Through the resurrection, Jesus showed that He did not come to destroy humanity. Rather, He came to redeem and save. “For God did not send his Son into the world to condemn the world, but in order that the world might be saved through him” (John 3:17). Jesus did not come to judge and destroy the world, but to save it (John 12:47). Judgment comes because of the rejection of Jesus, who is both light and life. If we reject life, death results; if we reject light, darkness results. He came to complete our purpose and make us whole again. As with the Law and Prophets, He did not come to abolish humanity, but to fulfill and bring to fruition human purpose through redemption. 

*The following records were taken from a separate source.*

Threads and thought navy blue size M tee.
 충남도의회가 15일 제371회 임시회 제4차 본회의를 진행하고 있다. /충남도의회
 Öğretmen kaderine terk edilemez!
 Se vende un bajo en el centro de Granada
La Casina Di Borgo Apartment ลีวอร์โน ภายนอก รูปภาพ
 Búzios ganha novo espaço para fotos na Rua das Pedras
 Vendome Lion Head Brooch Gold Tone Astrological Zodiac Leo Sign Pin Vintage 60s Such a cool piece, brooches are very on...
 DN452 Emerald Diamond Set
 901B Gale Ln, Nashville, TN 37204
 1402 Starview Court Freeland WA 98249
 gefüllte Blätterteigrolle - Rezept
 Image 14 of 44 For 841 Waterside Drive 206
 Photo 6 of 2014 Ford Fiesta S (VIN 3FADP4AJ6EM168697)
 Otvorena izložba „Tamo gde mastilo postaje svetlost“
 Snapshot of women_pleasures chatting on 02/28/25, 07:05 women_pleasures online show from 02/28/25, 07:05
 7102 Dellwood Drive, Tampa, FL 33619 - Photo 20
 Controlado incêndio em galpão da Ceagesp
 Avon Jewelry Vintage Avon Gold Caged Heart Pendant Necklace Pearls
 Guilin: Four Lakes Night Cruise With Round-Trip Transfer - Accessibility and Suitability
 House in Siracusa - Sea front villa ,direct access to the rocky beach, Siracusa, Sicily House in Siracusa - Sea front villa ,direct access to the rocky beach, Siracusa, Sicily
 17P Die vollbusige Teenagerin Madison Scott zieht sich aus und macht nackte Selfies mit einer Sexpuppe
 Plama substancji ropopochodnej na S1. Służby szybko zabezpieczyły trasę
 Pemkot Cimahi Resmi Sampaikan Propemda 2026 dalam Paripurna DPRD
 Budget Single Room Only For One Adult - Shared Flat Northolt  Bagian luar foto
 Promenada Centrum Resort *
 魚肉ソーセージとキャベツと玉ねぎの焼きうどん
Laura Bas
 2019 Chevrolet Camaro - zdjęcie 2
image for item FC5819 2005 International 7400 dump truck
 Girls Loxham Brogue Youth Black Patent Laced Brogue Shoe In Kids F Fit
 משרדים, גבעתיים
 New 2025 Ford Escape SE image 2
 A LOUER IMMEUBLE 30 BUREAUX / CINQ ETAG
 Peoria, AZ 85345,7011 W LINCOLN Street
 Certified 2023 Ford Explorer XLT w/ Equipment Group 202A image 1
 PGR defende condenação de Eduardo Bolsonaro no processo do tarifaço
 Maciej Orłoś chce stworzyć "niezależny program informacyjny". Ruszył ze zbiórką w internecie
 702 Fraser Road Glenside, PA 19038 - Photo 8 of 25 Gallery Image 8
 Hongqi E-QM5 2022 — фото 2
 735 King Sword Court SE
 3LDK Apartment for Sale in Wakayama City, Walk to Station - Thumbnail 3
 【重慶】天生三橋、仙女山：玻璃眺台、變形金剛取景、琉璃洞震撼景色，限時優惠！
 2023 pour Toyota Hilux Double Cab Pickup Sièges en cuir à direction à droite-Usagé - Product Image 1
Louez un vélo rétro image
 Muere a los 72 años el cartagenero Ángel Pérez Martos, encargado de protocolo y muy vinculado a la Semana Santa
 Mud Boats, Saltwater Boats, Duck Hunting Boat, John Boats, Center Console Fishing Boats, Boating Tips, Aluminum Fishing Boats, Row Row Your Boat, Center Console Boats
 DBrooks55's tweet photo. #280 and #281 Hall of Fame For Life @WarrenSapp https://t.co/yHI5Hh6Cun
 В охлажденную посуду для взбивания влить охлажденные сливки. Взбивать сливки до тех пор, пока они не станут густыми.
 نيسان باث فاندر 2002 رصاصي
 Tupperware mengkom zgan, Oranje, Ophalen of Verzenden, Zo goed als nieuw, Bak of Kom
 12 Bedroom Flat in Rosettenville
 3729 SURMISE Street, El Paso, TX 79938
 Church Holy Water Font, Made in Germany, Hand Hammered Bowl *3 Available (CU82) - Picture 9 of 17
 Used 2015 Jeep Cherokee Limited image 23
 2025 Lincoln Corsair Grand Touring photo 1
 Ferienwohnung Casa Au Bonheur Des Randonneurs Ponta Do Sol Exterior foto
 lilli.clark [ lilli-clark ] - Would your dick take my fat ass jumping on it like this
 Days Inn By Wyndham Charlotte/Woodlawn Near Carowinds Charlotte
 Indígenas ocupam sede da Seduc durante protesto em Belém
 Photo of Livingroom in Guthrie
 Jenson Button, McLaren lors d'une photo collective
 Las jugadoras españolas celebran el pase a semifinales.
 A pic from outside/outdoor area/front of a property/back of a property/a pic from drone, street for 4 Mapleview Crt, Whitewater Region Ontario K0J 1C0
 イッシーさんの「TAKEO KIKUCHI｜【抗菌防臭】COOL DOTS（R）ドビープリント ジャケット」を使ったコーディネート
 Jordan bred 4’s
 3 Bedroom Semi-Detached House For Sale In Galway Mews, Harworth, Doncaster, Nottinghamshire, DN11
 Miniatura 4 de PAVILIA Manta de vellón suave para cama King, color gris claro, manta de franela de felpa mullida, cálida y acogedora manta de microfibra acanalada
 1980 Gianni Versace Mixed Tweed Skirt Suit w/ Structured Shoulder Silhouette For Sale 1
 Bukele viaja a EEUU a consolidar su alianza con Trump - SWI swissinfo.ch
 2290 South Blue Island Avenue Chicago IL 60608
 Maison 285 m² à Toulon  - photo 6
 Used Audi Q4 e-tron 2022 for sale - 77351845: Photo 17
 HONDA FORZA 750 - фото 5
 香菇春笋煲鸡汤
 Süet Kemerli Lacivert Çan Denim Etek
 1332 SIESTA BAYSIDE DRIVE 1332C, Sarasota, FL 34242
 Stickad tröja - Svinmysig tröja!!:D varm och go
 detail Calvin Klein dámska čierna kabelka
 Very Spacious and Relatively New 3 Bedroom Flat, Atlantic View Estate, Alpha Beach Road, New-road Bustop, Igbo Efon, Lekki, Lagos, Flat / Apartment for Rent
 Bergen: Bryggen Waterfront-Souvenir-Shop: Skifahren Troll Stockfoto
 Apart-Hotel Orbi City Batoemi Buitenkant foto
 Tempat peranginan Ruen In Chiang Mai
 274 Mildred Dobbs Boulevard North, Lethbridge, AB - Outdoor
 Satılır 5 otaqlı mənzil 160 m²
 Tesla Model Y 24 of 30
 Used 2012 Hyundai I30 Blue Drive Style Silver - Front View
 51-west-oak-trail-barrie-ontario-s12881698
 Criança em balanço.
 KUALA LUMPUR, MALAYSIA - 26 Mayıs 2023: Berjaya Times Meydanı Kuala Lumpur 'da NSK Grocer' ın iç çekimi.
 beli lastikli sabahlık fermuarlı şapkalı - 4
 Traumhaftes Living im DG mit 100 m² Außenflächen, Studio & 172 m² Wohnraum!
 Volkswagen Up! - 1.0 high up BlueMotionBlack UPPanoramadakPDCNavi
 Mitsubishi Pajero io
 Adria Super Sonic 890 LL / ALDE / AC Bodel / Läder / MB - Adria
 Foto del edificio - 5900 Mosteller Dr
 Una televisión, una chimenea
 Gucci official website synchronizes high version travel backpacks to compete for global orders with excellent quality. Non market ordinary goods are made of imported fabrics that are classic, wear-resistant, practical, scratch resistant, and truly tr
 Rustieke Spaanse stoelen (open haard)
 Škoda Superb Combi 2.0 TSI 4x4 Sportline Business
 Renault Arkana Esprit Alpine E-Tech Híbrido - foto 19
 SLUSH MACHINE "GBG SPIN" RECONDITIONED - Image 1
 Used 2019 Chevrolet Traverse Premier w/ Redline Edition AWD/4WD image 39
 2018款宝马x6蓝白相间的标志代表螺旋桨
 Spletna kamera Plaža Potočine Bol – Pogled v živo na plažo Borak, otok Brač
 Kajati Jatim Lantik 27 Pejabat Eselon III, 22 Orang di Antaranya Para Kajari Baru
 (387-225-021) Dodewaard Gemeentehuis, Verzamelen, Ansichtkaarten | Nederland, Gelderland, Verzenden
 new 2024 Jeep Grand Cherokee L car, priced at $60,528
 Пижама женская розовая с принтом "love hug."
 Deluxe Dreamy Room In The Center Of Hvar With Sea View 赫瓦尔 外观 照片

As the only One who conquered death, Jesus also fulfills humanity by paving the path of our resurrection. Resurrection is God’s guarantee that we have eternal life. As Jesus was raised from the dead (which is proof also of a final day of judgment, Acts 17:30-31), so He promises to raise us up to live eternally with Him. Our purpose is not simply to live a few years on earth, die, and have nothing beyond that. Our purpose is to live for Him eternally, and this requires resurrection. Paul addresses this in 1 Corinthians 15 wherein he affirms the resurrection of Jesus as “the firstfruits of those who have fallen asleep” (v. 20). Through Him we are made alive, not just temporarily, but eternally. Jesus fulfills us by being raised and providing the path to our resurrection and life. 

Jesus does fulfill us and make us complete personally, but this is only possible because He fulfills the ultimate purpose of what human beings are meant to be. Our sins have damaged this, but He came to heal the wounds of our lives. By His stripes we are healed, and now can be whole. As Paul expressed, “Now may the God of peace himself sanctify you completely, and may your whole spirit and soul and body be kept blameless at the coming of our Lord Jesus Christ” (1 Thess 5:23).